La décision de La Haye a donné un certain espoir à la Bolivie en ce qu’elle a encouragé la négociation d’un nouvel accord satisfaisant aux intérêts boliviens. Néanmoins, avec un résultat de 12 voix pour et 3 voix contre, il s’agit d’une grande victoire diplomatique pour le Chili, car la décision confère une pleine validité à l’accord de 1904 et ferme la porte à de futures négociations, ce qui était la principale demande de la Bolivie. À aucun moment les demandes de la Bolivie devant la cour n’ont demandé la restitution de terres ou l’annulation de l’accord précédent; au lieu de cela, ils ont simplement demandé une négociation de bonne foi en vue d’obtenir la souveraineté maritime et territoriale sur une partie de ce que le pays a perdu dans la guerre du Pacifique. Comme la cour ne voyait aucune base juridique dans les demandes de la Bolivie, elle s’est prononcée en faveur du Chili.

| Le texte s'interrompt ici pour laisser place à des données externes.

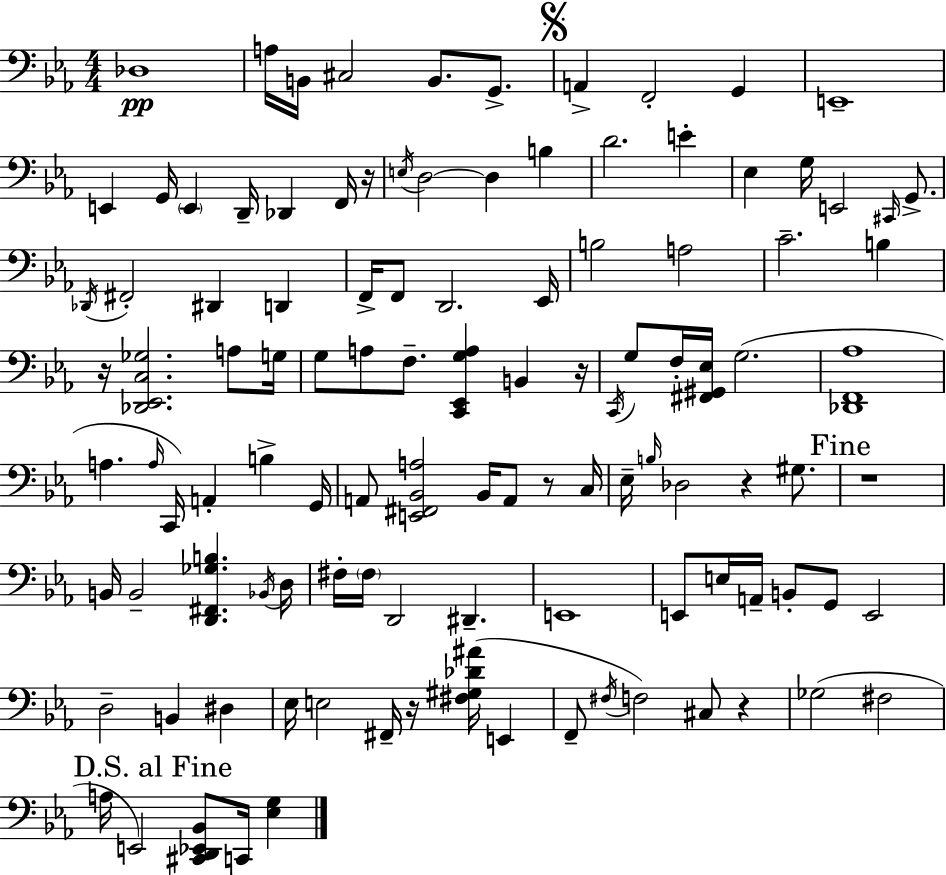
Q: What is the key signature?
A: C minor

Les conséquences de la guerre du Pacifique continuent d’affecter les relations entre les trois pays voisins. Bien que le Pérou et la Bolivie continuent de regarder en arrière et d’examiner les conséquences de la guerre, le Chili veut clairement aller de l’avant et travailler à l’établissement de bonnes relations avec ses voisins. Pourtant, il est difficile d’imaginer un futur accord tripartite, et il est probable que les relations tendues entre le Chili et la Bolivie se poursuivront dans un avenir prévisible. Il est probable que le gouvernement Morales en Bolivie continuera à utiliser la question pour attiser le nationalisme et justifier une rivalité avec le Chili, mais cela pourrait se retourner contre lui et nuire à Morales lors des élections présidentielles de janvier 2019.

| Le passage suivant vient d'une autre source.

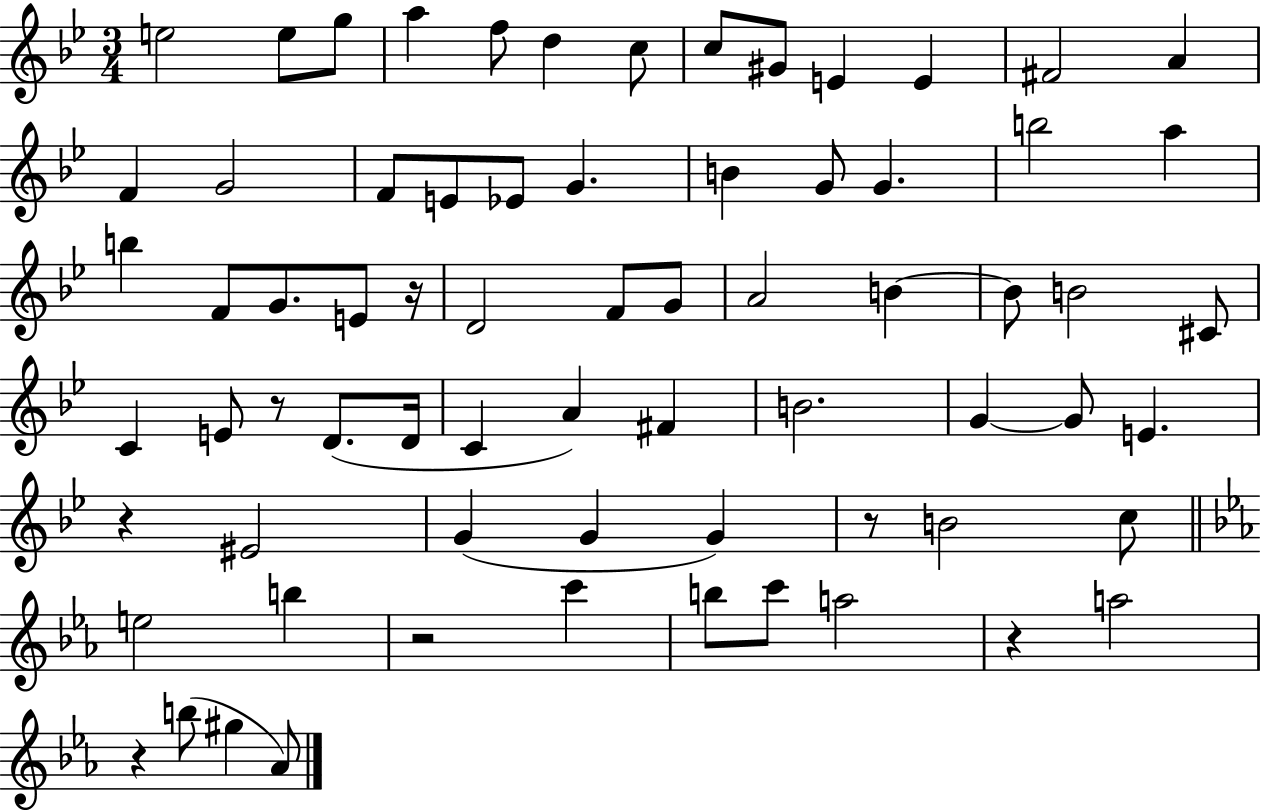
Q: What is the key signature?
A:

En conclusion, les conséquences encore retentissantes de la guerre du Pacifique sont un bon exemple de la façon dont le passé informe le présent, projetant des récits qui déterminent la portée et le sens des relations géopolitiques en Amérique latine. Les relations compliquées entre le Pérou, le Chili et la Bolivie ne sont qu’un exemple parmi d’autres en Amérique du Sud et en Amérique centrale. Ces tensions historiques peuvent aider à expliquer pourquoi la possibilité d’une intégration régionale latino-américaine reste si fragmentée, même aujourd’hui.